Task directions:
Using the data below, transcribe exactly everything from the line that contains "Seiko 5 Automatic 21 Jewels Silver Watch" down to the line that contains "Usata Fiat Panda". Include both of those lines and none of the pictures.

*** Excerpted data ***

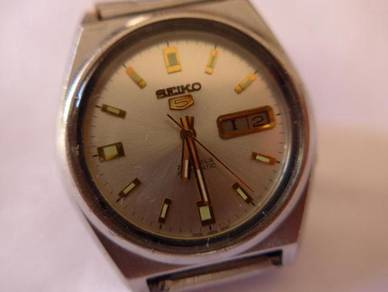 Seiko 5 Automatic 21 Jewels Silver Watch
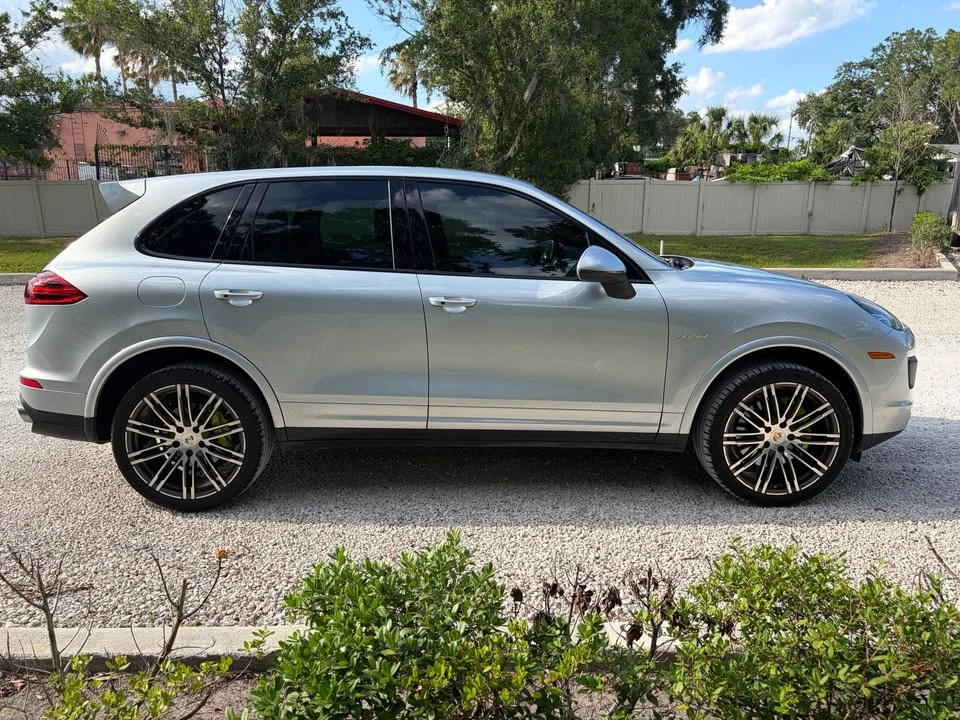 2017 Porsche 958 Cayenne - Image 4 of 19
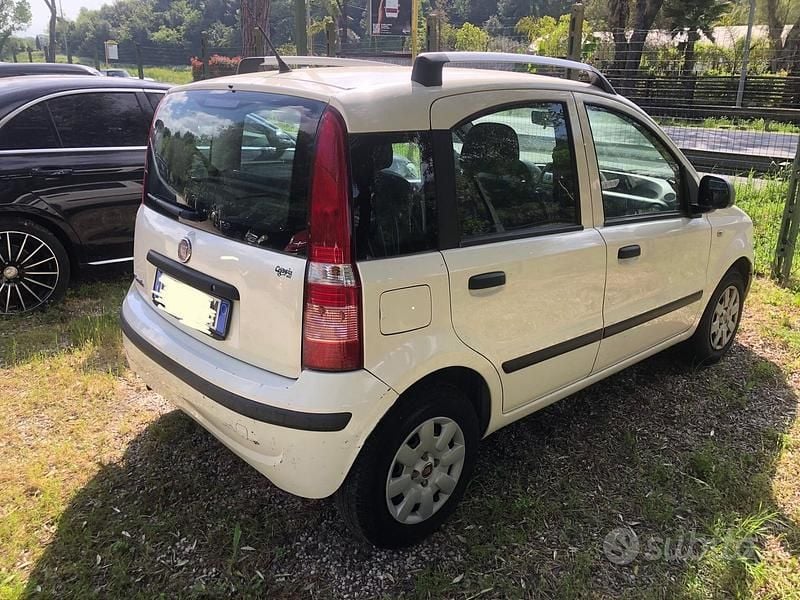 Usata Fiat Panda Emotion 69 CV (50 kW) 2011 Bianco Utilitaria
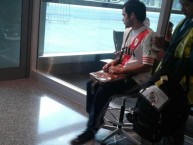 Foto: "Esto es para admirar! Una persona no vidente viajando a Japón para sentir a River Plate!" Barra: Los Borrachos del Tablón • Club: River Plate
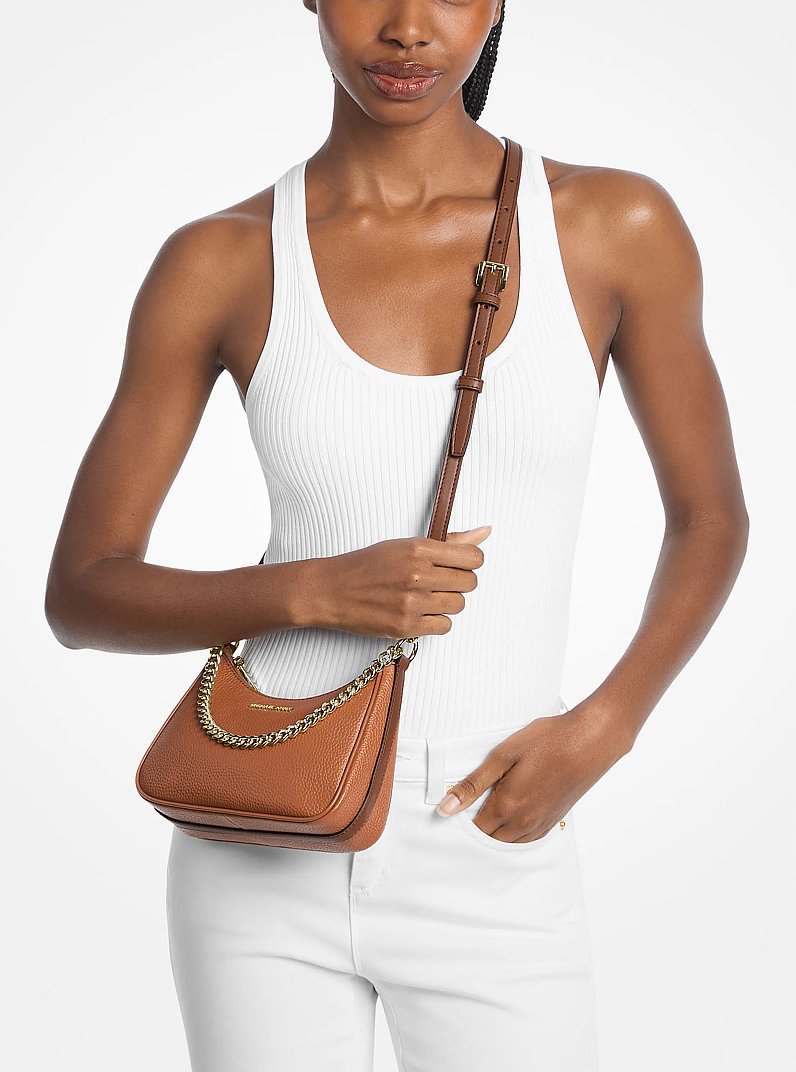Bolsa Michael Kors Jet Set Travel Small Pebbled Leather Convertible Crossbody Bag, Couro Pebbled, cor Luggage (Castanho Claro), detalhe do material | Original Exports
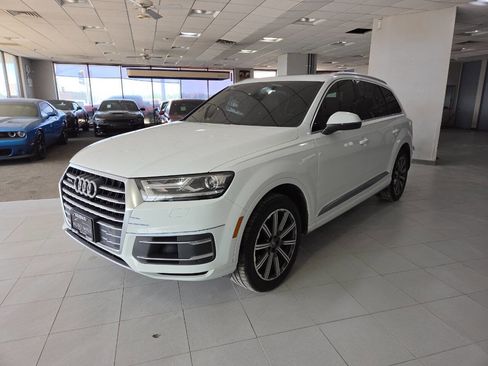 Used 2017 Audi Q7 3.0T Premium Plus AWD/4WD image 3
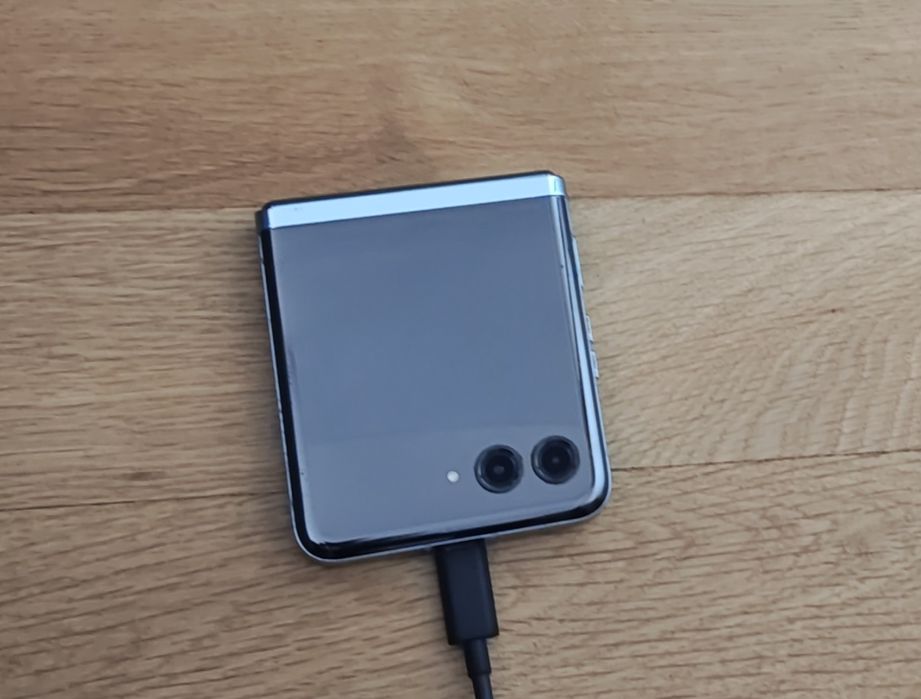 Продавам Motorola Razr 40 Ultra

***
*** Excerpted data ***

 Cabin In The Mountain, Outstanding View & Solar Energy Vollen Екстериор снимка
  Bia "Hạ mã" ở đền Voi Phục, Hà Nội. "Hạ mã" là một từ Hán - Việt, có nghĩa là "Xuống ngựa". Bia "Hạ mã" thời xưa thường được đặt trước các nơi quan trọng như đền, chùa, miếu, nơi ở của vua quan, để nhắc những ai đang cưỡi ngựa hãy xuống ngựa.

***
*** Excerpted data ***

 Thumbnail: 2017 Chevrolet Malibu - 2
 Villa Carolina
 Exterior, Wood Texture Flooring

***

Task response:
 Seiko 5 Automatic 21 Jewels Silver Watch
 2017 Porsche 958 Cayenne - Image 4 of 19
 Usata Fiat Panda Emotion 69 CV (50 kW) 2011 Bianco Utilitaria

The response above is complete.